Gods of the grave watch over the line between life and death. To these deities, death and the afterlife are a foundational part of the multiverse. To desecrate the peace of the dead is an abomination. Followers of these deities seek to put wandering spirits to rest, destroy the undead, and ease the suffering of the dying. Their magic also allows them to stave off death for a time, particularly for a person who still has some great work to accomplish in the world. This is a delay of death, not a denial of it, for death will eventually get its due.
Knowledge Domain

Knowledge Domain

The gods of knowledge value learning and understanding above all. Some teach that knowledge is to be gathered and shared in libraries and universities, or promote the practical knowledge of craft and invention. Some deities hoard knowledge and keep its secrets to themselves. And some promise their followers that they will gain tremendous power if they unlock the secrets of the multiverse. Followers of these gods study esoteric lore, collect old tomes, delve into the secret places of the earth, and learn all they can. Some gods of knowledge promote the practical knowledge of craft and invention.
Life Domain

Life Domain

The Life domain focuses on the vibrant positive energy — one of the fundamental forces of the universe — that sustains all life. The gods of life promote vitality and health through healing the sick and wounded, caring for those in need, and driving away the forces of death and undeath. Almost any non-evil deity can claim influence over this domain, particularly agricultural deities, sun gods, gods of healing or endurance, and gods of home and community.
Light Domain

Light Domain

Gods of light promote the ideals of rebirth and renewal, truth, vigilance, and beauty, often using the symbol of the sun. Some of these gods are portrayed as the sun itself or as a charioteer who guides the sun across the sky. Others are tireless sentinels whose eyes pierce every shadow and see through every deception. Some are deities of beauty and artistry, who teach that art is a vehicle for the soul’s improvement. Clerics of a god of light are enlightened souls infused with radiance and the power of their gods’ discerning vision, charged with chasing away lies and burning away darkness.
Nature Domain

Nature Domain

Gods of nature are as varied as the natural world itself, from inscrutable gods of the deep forests to friendly deities associated with particular springs and groves.

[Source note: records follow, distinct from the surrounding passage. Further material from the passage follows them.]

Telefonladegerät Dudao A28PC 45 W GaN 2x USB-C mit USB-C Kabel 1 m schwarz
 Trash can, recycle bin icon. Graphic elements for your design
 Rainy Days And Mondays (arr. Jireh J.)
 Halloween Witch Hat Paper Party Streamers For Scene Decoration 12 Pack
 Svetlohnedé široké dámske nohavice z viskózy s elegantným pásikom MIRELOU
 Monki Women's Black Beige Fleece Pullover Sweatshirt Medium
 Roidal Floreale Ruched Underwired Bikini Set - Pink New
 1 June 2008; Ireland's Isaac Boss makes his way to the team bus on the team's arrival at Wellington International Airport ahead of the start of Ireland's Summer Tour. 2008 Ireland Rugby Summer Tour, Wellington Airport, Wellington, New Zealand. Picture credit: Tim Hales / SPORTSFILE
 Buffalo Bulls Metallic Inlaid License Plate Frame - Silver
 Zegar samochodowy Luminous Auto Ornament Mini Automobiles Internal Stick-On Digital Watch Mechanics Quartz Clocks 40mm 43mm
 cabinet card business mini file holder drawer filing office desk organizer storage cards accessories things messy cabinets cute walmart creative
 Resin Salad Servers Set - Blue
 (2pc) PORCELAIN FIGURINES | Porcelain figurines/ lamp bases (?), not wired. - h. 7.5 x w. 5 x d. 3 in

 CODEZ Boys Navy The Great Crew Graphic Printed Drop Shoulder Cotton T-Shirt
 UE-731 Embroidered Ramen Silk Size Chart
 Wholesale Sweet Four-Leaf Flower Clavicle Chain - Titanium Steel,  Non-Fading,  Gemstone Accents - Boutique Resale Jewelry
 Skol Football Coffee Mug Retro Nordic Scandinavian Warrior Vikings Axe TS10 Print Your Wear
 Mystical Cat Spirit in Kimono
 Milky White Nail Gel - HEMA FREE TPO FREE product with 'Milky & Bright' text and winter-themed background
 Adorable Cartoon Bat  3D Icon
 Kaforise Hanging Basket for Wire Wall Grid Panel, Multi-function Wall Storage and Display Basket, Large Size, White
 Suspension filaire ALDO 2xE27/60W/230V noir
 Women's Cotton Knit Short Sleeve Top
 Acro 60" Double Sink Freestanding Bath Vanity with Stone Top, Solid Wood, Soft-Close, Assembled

Druids revere nature as a whole and might serve one of these deities, practicing mysterious rites and reciting all-but-forgotten prayers in their own secret tongue. But many of these gods have clerics as well, champions who take a more active role in advancing the interests of a particular nature god. These clerics might hunt the evil monstrosities that despoil the woodlands, bless the harvest of the faithful, or wither the crops of those who anger their gods.
Order Domain

Order Domain

The Order Domain represents discipline, as well as devotion to the laws that govern a society, an institution, or a philosophy. Clerics of Order meditate on logic and justice as they serve their gods, examples of which appear in the Order Deities table.   Clerics of Order believe that well-crafted laws establish legitimate hierarchies, and those selected by law to lead must be obeyed. Those who obey must do so to the best of their ability, and if those who lead fail to protect the law, they must be replaced. In this manner, law weaves a web of obligations that create order and security in a chaotic world.
Tempest Domain

Tempest Domain

Gods whose portfolios include the Tempest domain govern storms, sea, and sky. They include gods of lightning and thunder, gods of earthquakes, some fire gods, and certain gods of violence, physical strength, and courage. In some pantheons, a god of this domain rules over other deities and is known for swift justice delivered by thunderbolts. In the pantheons of seafaring people, gods of this domain are ocean deities and the patrons of sailors. Tempest gods send their clerics to inspire fear in the common folk, either to keep those folk on the path of righteousness or to encourage them to offer sacrifices of propitiation to ward off divine wrath.
Time Domain

Time Domain

Most spellcasters and sages agree that significant alterations to time are undesirable, but they disagree strongly on what constitutes a significant alteration. As might be expected, those of Good alignment typically try to protect time from those who seek to make significant changes or bend time to their will, while those of Evil alignment try to change what’s passed for their own selfish purposes.
Trickery Domain

Trickery Domain

Gods of trickery are mischief-makers and instigators who stand as a constant challenge to the accepted order among both gods and mortals. They’re patrons of thieves, scoundrels, gamblers, rebels, and liberators. Their clerics are a disruptive force in the world, puncturing pride, mocking tyrants, stealing from the rich, freeing captives, and flouting hollow traditions. They prefer subterfuge, pranks, deception, and theft rather than direct confrontation.
Twilight Domain

Twilight Domain

The Twilight Domain governs the transition and blending of light into darkness. It is a time of rest and comfort, but also the threshold between safety and the unknown. Deities of healing or respite, bravery or protection, travel or transition, or the night and dreams might grant their clerics the Twilight Domain. Clerics who serve these deities tend to be brave, delving into the dark to hold its dangers at bay and to bring comfort to those lost far from the light.
War Domain

War Domain

War has many manifestations. It can make heroes of ordinary people. It can be desperate and horrific, with acts of cruelty and cowardice eclipsing instances of excellence and courage. In either case, the gods of war watch over warriors and reward them for their great deeds. The clerics of such gods excel in battle, inspiring others to fight the good fight or offering acts of violence as prayers. Gods of war include champions of honor and chivalry as well as gods of destruction and pillage and gods of conquest and domination. Other war gods take a more neutral stance, promoting war in all its manifestations and supporting warriors in any circumstance.

Created by

NJ147.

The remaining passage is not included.